9:00pm Tuesday 9 October on BBC TWO

In the second part of his new series, Ian Hislop argues that we have the Victorians to thank for making the Stiff Upper Lip a truly national characteristic.

He resurrects the stories of remarkable – some might say bonkers – national heroes, like Captain Matthew Webb, the first person to swim the Channel. But he also shows how suffering in silence came to be seen as a service to society and how questions began to be asked about a homogenised, quasi-industrial approach to character building.
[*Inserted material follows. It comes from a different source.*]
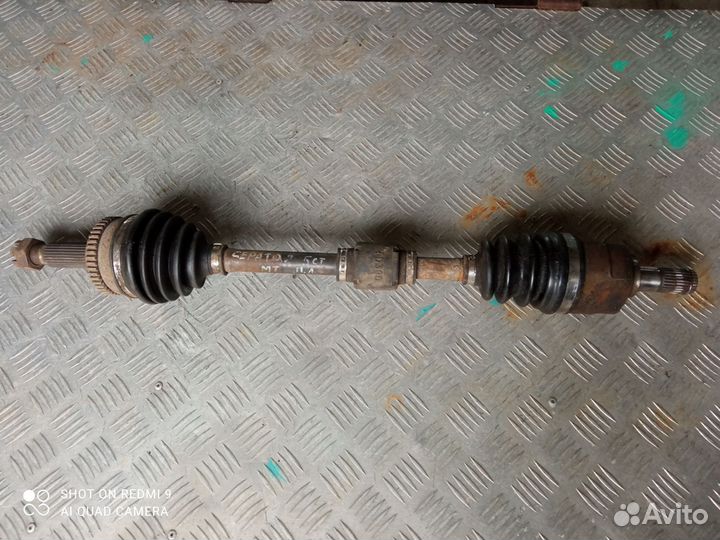 Привод левый Киа Церато 2 1.6 МКПП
Along the way, Ian returns to his own character-building boarding school, Ardingly College in Sussex, introduces us to the weeping policeman ‘Robert Emotional’, explains the dark context to Charles Darwin’s observation ‘Englishmen rarely cry’ and talks to MP Rory Stewart about how the Stiff Upper Lip helped him as a deputy governor in Iraq.
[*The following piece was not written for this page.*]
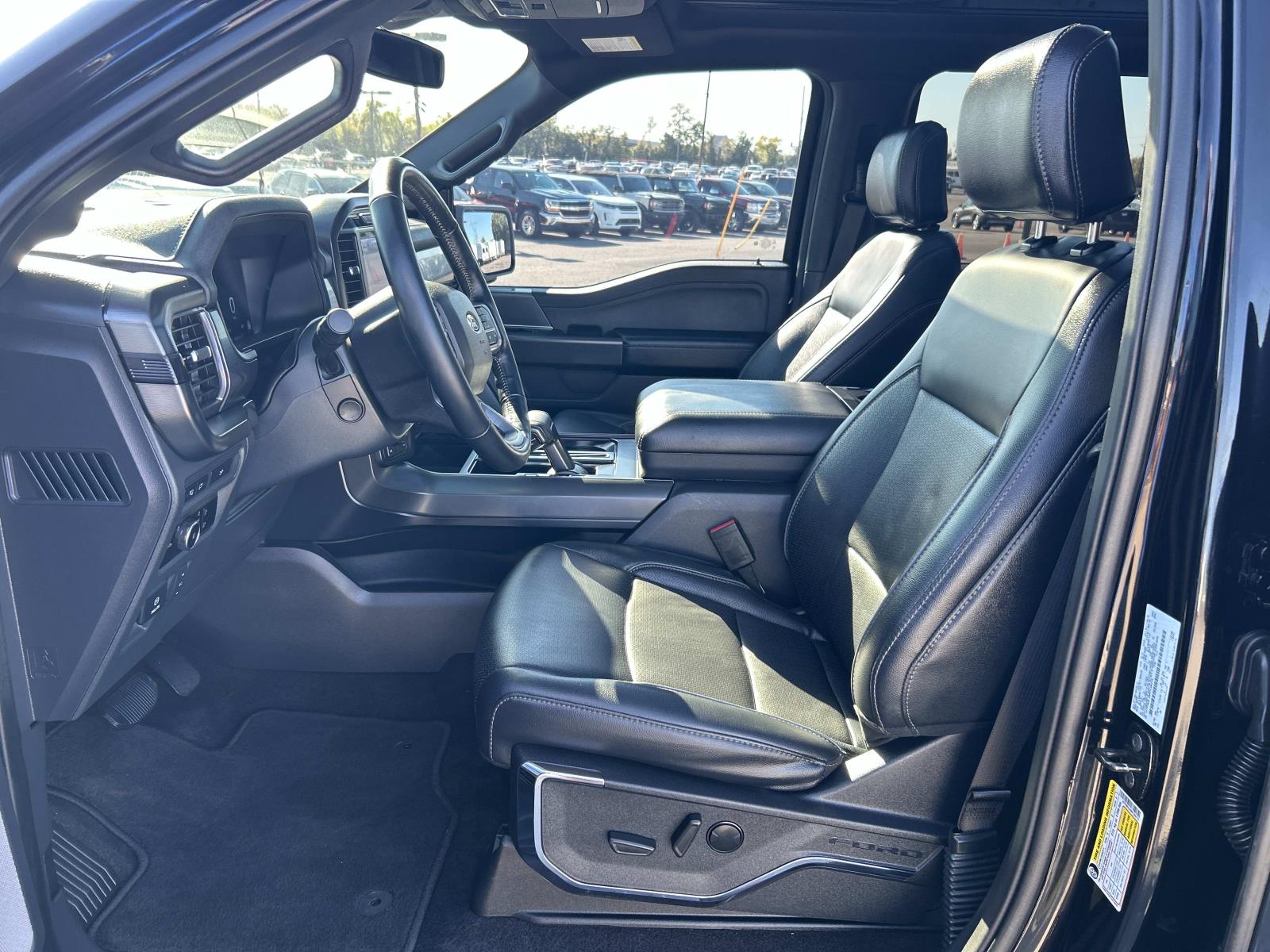 Vehicle photo 30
Ian concludes on the battlefields of the Somme, where one officer literally treated war as a game, using football to motivate his men to go over the top. Ultimately, Ian argues, the Victorian ideal of reticent stoicism shot through with imperial swagger could not survive the mud of Flanders. Yet it was precisely those values which had sustained the Empire and persuaded so many to endure the First World War’s horrors.

Ep 2/3

9:00pm Tuesday 2 October on BBC TWO

In his new three-part series, Ian Hislop asks when and why we British have bottled up or let out our feelings, and how this has affected our history. Exploring emotion and identity over the last 300 years, Ian gives us his personal take on our evolving national character.

In the opening episode, Ian reveals how and why the stiff upper lip emerged 200 years ago in a country that, until then, was surprisingly touchy-feely and often awash with sentiment. The programme features extraordinary characters, such as aspirational young Scot James Boswell, plagued with anxieties about showing his feelings in fashionable London, and Mary Wollstonecraft, who argued that women’s heads should rule their hearts, but failed to practise what she preached. This was a time of profound transition for Britain – and how it expressed its feelings – which Ian encapsulates with the tale of two very different national heroes: Admiral Nelson and the Duke of Wellington.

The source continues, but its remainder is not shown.